Black armbands, expertise, fraud, and the Pope

It’s hard to keep people from believing what they want to believe. That’s especially true if the people are experts. After all, expert opinion defines what is true, that opinion is “expert” because of certain formal procedures and qualifications and coherence with the opinions of other experts, and a well-placed group can manipulate those things to achieve whatever result they want. The consequence is that if those who dominate a field of expertise want something to be true they can make it true, at least for purposes of public discussion.

I’ve touched on the problem before in connection with architecture. It also comes up in connection with history. In Australia, for example, the dominant “black armband” school of historians isn’t about to give up its campaign to prove Australian society illegitimate because of its treatment of the aborigines just because Keith Windschuttle has shown that they distort and fabricate evidence. They have therefore lauched a counterattack.

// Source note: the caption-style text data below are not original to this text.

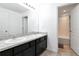 Bright bathroom featuring double sinks, granite countertop, dark cabinets, tub and shower at 5446 Suncatcher Dr, Wesley Chapel, FL 33545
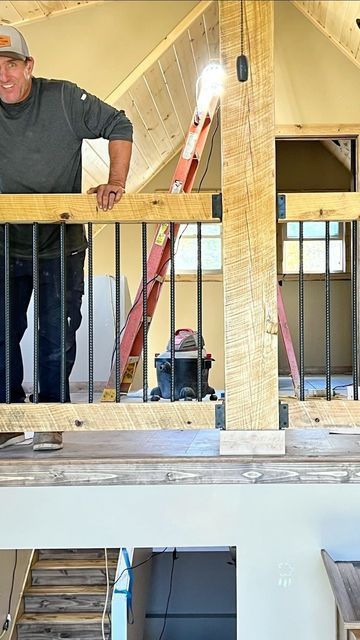 Erik Perkins on Instagram: "Watch how we built this cool railing out of rebar and Timbers #rustic #loghome #railing #rebar #woodworking #building #construction" Vertical Rebar Railing, Rebar Railing Stairs, Rustic Loft Railing, Rebar Balusters, Diy Rebar Railing, Deck Railing With Rebar, Rebar Railing Porch, Rebar Stair Railing, Loft Stair Railing Ideas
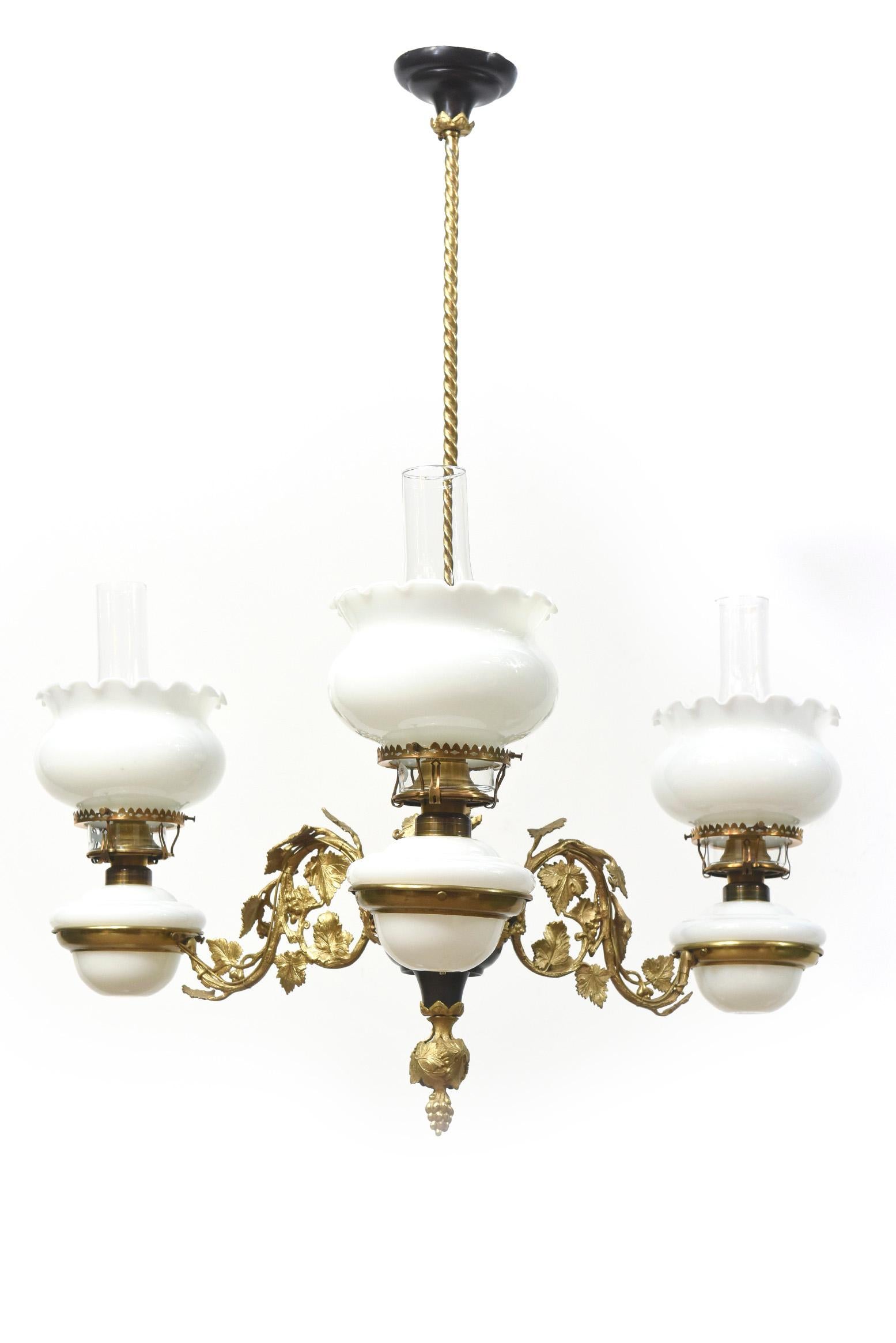 A lovely gilded era oil chandelier. Made by Henry Hooper C. 1870. Fine castings of grapevines on arms in gilt bronze. Brass body with a dark patina. White Glass shades and Oil Fonts. Suspended from a slender roped tube. Rococo Revival. American.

The counterattack covers all fronts, from the personal to the philosophical. “Malicious” and “cultural chauvinist,” says one scholar, “Replete with misconceptions, distortions, character assassinations” says another. The big problem, though, according to the editor of a book of essays attacking Windschuttle, is that “There is no room in his court for historical imagination.” As another professor complains, “Windschuttle aims to take the discipline of history back to some a golden age when it was all about facts.” And that, apparently, would be a catastrophe for scholarly understanding. After all, as one scholar observed (quoted by Windschuttle in his article in The New Criterion) “very little historical interpretation is verifiable in any strict sense,” so historians arrive at the truth on the basis of a “scholarly consensus.” And the consensus, it appears, can be based on little more than fabricated evidence and the will to believe of the dominant group of scholars. (For more on Windschuttle and the historians, see the very useful site The Sydney Line.)

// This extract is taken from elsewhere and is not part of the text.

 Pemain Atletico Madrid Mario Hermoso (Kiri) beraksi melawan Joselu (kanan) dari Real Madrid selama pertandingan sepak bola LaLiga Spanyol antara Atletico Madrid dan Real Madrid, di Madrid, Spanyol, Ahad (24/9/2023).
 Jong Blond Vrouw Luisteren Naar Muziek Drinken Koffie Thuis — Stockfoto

The “black armband” historians may be dishonest ideologues, but they wouldn’t be able to get as far as they have if they didn’t have a point to distort. They are right that it is not possible simply to read off the facts from the evidence. Knowledge has an essential personal, social and interpretive aspect. It follows that to have knowledge you can trust you need a community and interpreter you’re justified in relying on. And that principle has obvious religious implications. In particular, you can’t have public revelation without a visible Church to carry it forward and speak authoritatively on its interpretation. “Expertise” by itself just isn’t enough, because it can, will and has been used to demonstrate anything the experts want to demonstrate. And that’s the basic problem with the scholarly rebellion against the teaching authority of the Church that has led, with the reaction to Humanae Vitae, to material schism. What the scholars speak for is not the authority of truth but the authority of scholars. And who made them the oracles?

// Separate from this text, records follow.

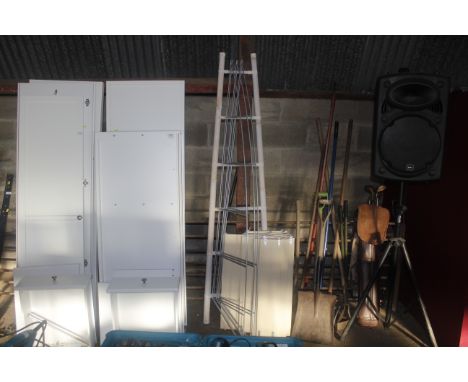 A towel ladder together with metal and beech shelving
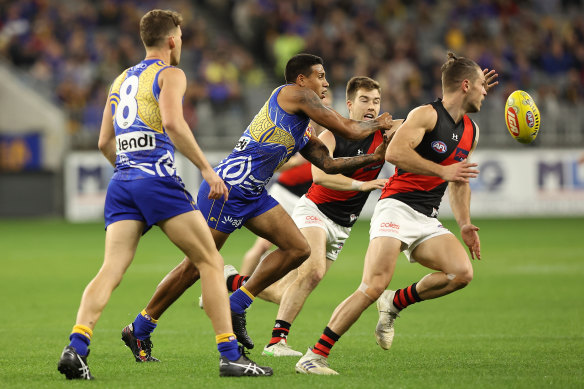 Tim Kelly gets a pass away against Essendon before being injured.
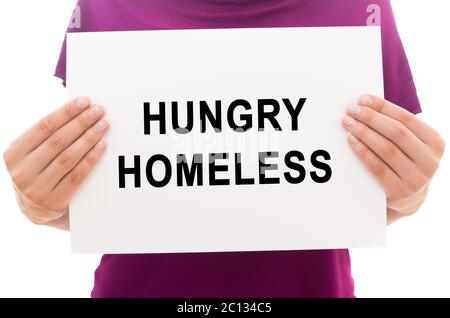 Girl holding white paper sheet with text Hungry homeless Stock Photo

2 thoughts on “Black armbands, expertise, fraud, and the Pope”

  1. Perhaps another example of that

    Perhaps another example of that “expertise” would be the work of the Church commission which advised Paul VI to rescind the traditional teaching on contraception before publication of Humanae Vitae in 1968.


  2. The work of the commission

    The work of the commission is a perfect example. Being experts — a.k.a. technocrats — they thought they could reconstruct the meaning of something as basic as sex for the sake of a system that achieved human goals more efficiently. The Pope said “no” and the worldwide community of experts went berserk.